Archivematica SFTP settings

These settings allow Enduro and Archivematica to use the Secure Shell File Transfer Protocol (SFTP) for the transfer of PIPs to Archivematica for preservation processing. This requires setting up an SFTP server on the target Archivematica host first with permission to write to an AMSS transfer directory, and then configuring the connection information in the settings described here.

Default values:

host = ""
port = ""
user = ""
knownHostsFile = ""
remoteDir = ""

host: The host name and address for the SFTP deposit location.
port: The port to use for the SFTP deposit location.
user: The username associated with the SFTP connection.
knownHostsFile: The absolute path to a local SSH "known_hosts" file that includes a public host key for the Archivematica SFTP server. Enduro can use this key to verify future connection requests.
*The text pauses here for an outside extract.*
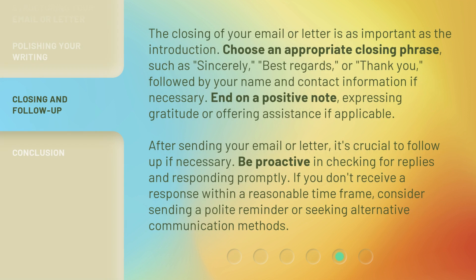The closing of your email or letter is as important as the introduction. Choose an appropriate closing phrase, such as "Sincerely," "Best regards," or "Thank you," followed by your name and contact information if necessary. End on a positive note, expressing gratitude or offering assistance if applicable.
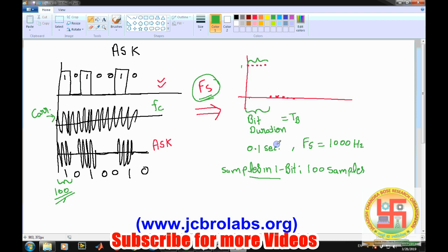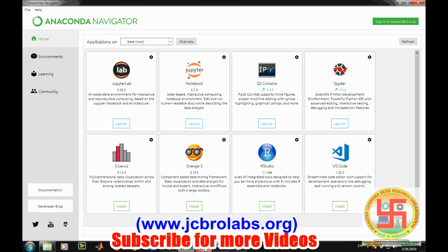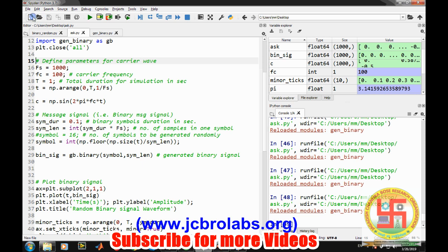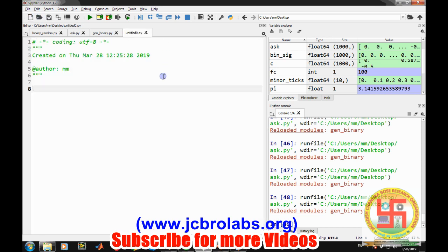Now we will move to Python and generate the code for this digital modulation scheme. We are using the Anaconda distribution with the Spyder IDE, running Python 3.7 or the latest version. Note that some commands may not run on Python 2.7, as there are some differences, so be sure to use the correct version.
An SFTP "known_hosts" file will store the public keys of any other server your SFTP server connects to when accepted, and then will use those public key fingerprints during future connection requests to verify the identity of the connecting server. * remoteDir: the directory path, relative from the SFTP root directory, where Enduro should upload any PIPs for preservation processing during a workflow.

Archivematica SFTP private key connection information

These settings tell Enduro where to find the necessary information to securely connect with the SFTP server for PIP transfer to Archivematica for preservation processing.

Default values:

[am.sftp.privateKey]
path = ""
passphrase = ""

path: Filesystem path to where the private key file is stored.
passphrase: Pass phrase to unlock the private key. Note: while it is possible to store the passphrase here as plain text, we do not recommend this.

User interface SIP upload filesize limit

These settings define the maximum size of a SIP that Enduro will allow when uploading via the user interface. The setting is configured in bytes, but will be shown in the user interface using the largest SI prefix (up to TiB) that will display a unit value larger than one. Possible units values are: bytes, KiB, MiB, GiB, and TiB. For more information, see:

Upload SIPs via the user interface

Default value:

[upload]
maxSize = 4294967296

maxSize: The maximum SIP size allowed for upload via the user interface, configured in bytes. Default value is 4294967296, i.e. 4 Gibibytes (GiB).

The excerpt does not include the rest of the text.